Yes–it’s another blog on parental alienation. That’s because we feel parental alienation – not Parental Alienation Syndrome – is such an important subject given the potentially catastrophic consequences for affected children and parents. And there have been two interesting articles we’ve come across since our latest blog. So here’s an update…
Firstly, there’s an article in The Conversation by Zoe Rathus, in which she argues that the term has been hijacked by interest groups to discredit mothers in the family court and that it is a “debunked, outdated theory”. The second article is over on the Marilyn Stowe Blog, an acclaimed UK family law blog. There, John Bolch discusses an international case where an alienated mother has won a human rights claim against her government.
Rathus argues “parental alienation” is a gendered expression that is “wielded by fathers’ rights groups and continues to have credibility in the family law system”. She warns that the term will feature heavily in the coming family law inquiry. We think that’s actually a good thing. Here’s why.

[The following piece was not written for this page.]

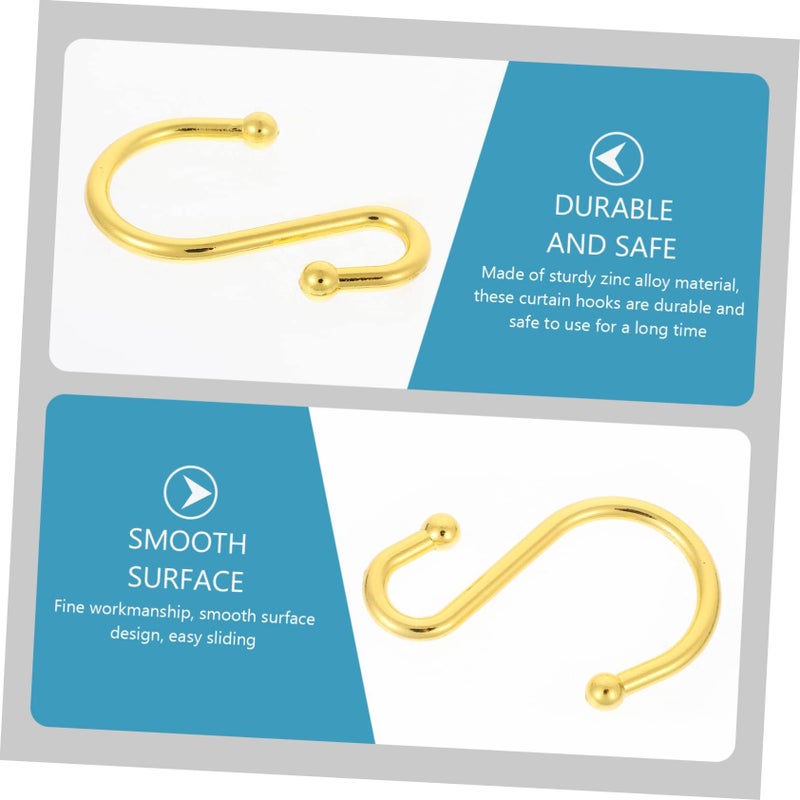 Golden Zinc Alloy Shower Curtain Hooks 12 Pack Smooth Gliding Bathroom Hangers 6.2x4.5Cm - Image 5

The term “parental alienation” is not defined in Australia’s Family Law Act, but potentially should be included under the definition of family violence. Indeed, a court recently suggested it could be formally regarded as family violence if an element of coercion and control–of the child who is brainwashed and manipulated into holding a damaging view of the other parent—was able to be proved. Given the consequences for family law matters when family violence is proven, namely the rebuttal of the equal shared parental responsibility provisions—this is important.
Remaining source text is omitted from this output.